Cuando era maestra de primaria conocí a una mujer que solía llevar a su sobrino a la escuela si la madre del chico estaba de guardia. «Mi hermana trabaja demasiado», decía, y no con admiración. «Las mujeres hermosas estamos para que nos mantengan, no para quemarnos las pestañas o doblar el lomo».
Tenía cerca de 40 años y ciertamente era vistosa, pero no me caía bien por ese desprecio machista hacia las mujeres que compartíamos el matutino, a quienes consideraba «perdedoras de la vida» por no sacarle provecho a lo que natura les concedió. Su mantra era: «Que trabajen las feas».
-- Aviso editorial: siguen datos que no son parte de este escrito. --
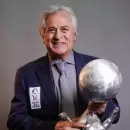 A los 75 años, el Pato Fillol volvió a la escuela secundaria y en el primer examen la rompió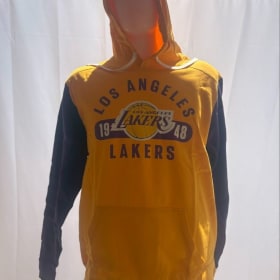 Los Angeles Lakers Hooded Sweatshirt item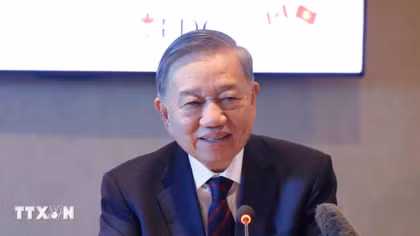 Tổng Bí thư, Chủ tịch nước Tô Lâm dự Tọa đàm cấp cao doanh nghiệp Việt Nam-Canada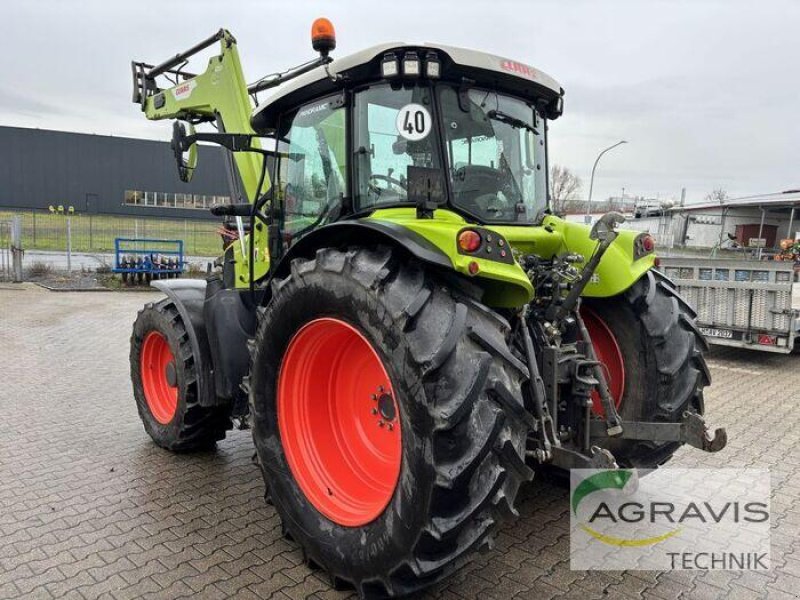 Traktor типа CLAAS ARION 460 STANDARD, Gebrauchtmaschine в Olfen  (Фотография 4)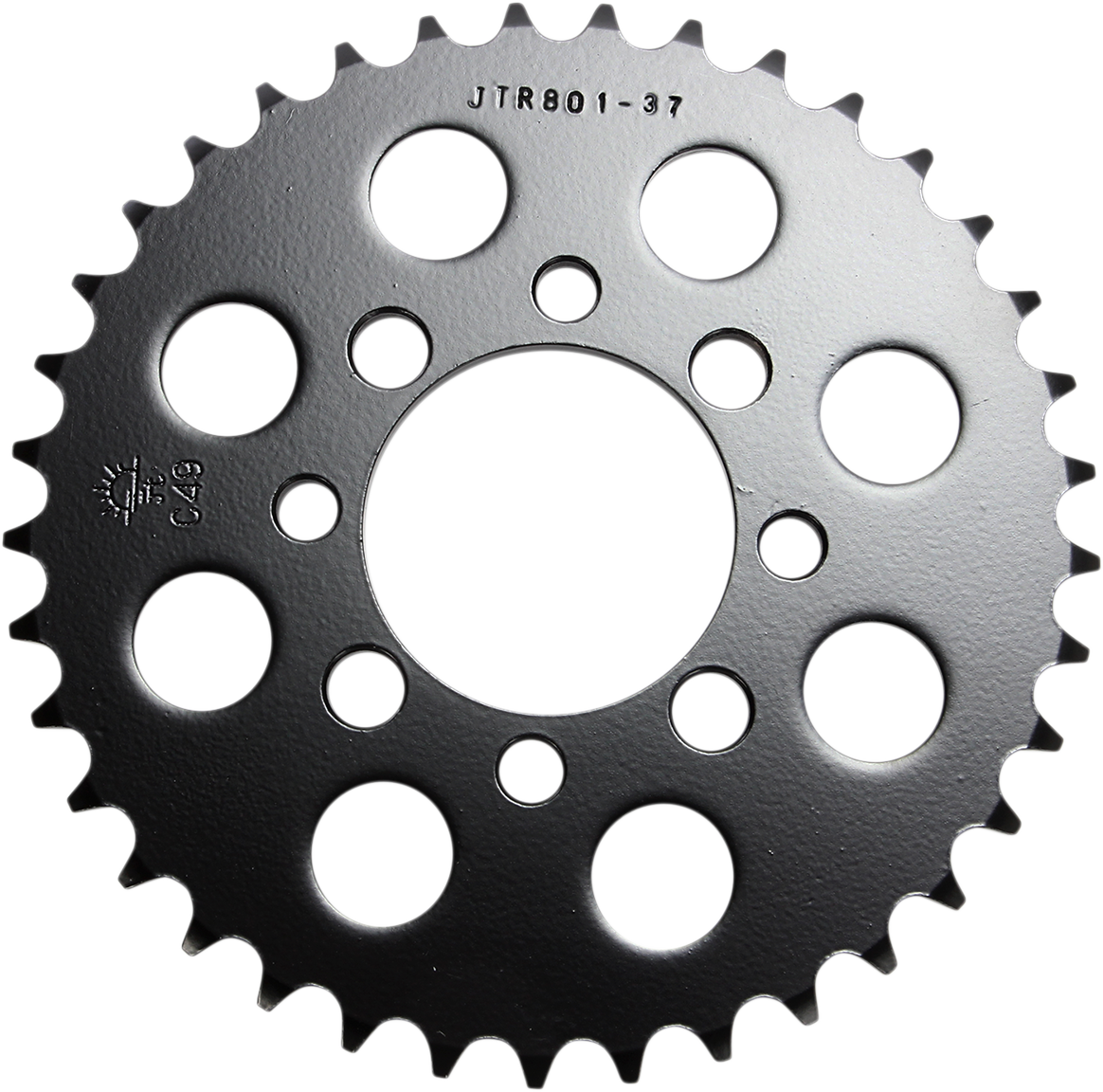 JT SPROCKETS Rear Sprocket - 37 Tooth - Kawasaki/Suzuki JTR801.37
Hace un par de semanas me encontré con ella en una parada. Apenas la reconocí. Excepto las toneladas de maquillaje y la mirada arrogante, quedaba muy poco de su pasada gloria. Por lo que me contó, la diabetes y el reuma no le facilitaron un elegante deslizamiento hacia «tercera base», y pasada esa edad no puede reclamar jubilación, pues nunca trabajó, ni «para el Estado ni como cuentapropista», como decía con vanagloria.
Al tanto de mis vínculos con las leyes, quiso explorar una vía para recibir pensión. «¡Aunque sea tres mil pesos, que luego en la calle yo los hago crecer!», dijo sin tapujos, y pasó a contarme sus inventos como revendedora, un «oficio» para el que la salud ya no le acompaña, y tampoco puede vivir de favores sexuales porque sus clientes le dieron la espalda «cuando me puse vieja…». ¿Y cómo no lo previó?
Mientras parloteaba yo pensaba en mis viejos, a los que ayudo para terminar el mes porque sus retiros son la mitad de esa cifra que ella espera sacar de la nada. Eso es lo que les tocó, tras más de 30 años de consagración al estudio y el trabajo en labores de las que puedo enorgullecerme, como las decenas de embalses y trasvases que mi madre diseñó para que más pueblos y terrenos dispusieran de agua potable.
«¿Y tu sobrino?», interrumpí la cháchara de la empeñada en vivir del cuento. Calló un instante antes de reconocer que se había ido sin llamarla siquiera, y la «ingrata» de su hermana no quería tirarle un cabo, aunque tenía buen sueldo, porque ya mantenía a una tía y a otros dos hijos pequeños. «Estoy al ir al Gobierno y formar un escándalo. Al final me darán la pensión, así sea por cansancio…», masculló sin mirarme.
¡Cansada estaba yo de su insolencia! La de ella y la de otros individuos que han pasado décadas sin hacer nada útil para la sociedad y al final quieren que el Estado los mantenga a costa de los fondos reservados para hogares que no propiciaron su desgracia ni pueden enfrentarla solos, o para ancianos y discapacitados cuidados por alguien en igual condición…
«Bueno, dime: ¿Dónde queda la oficina de Seguridad Social?», insistió en tono arrogante. «En la dirección municipal de Trabajo», respondí. «Justo al lado de la oficina en la que deberías pedir empleo». Y mientras su asombro se transmutaba en enojo, precisé: «Como no tienes experiencia laboral, será mejor que indagues por una plaza de auxiliar de limpieza en alguna escuela, o como cuidadora de una persona realmente vulnerable… O de custodio, si todavía quieres trasnochar».
Ella se tragó su réplica. Reacomodó la cartera y golpeó firme con los tacones el pavimento mientras cruzaba la calle. Una joven que parecía su copia 2.0 la observó marcharse y me miró con cara de ¿la cosa es conmigo?
Y sí, también era con ella. Ojalá aprenda a tiempo el valor del tiempo. Ojalá pruebe la virtud de ser útil y guarde pan pa’ mayo, como decían mis abuelas. Ojalá deje de esperar y se dedique a hacer. Y a ser, porque la identidad se pierde cuando la vida pasa sin usar tus talentos para un bien mayor.
Ojalá entiendan ambas que el Estado no es una entelequia, su presupuesto no es infinito y su prioridad es velar por quienes se esforzaron de verdad en el pasado, y por la infancia, que hará el pan del futuro. A los demás nos toca llenar esas arcas y guardar. Para nuestro mayo, y para todos los otoños.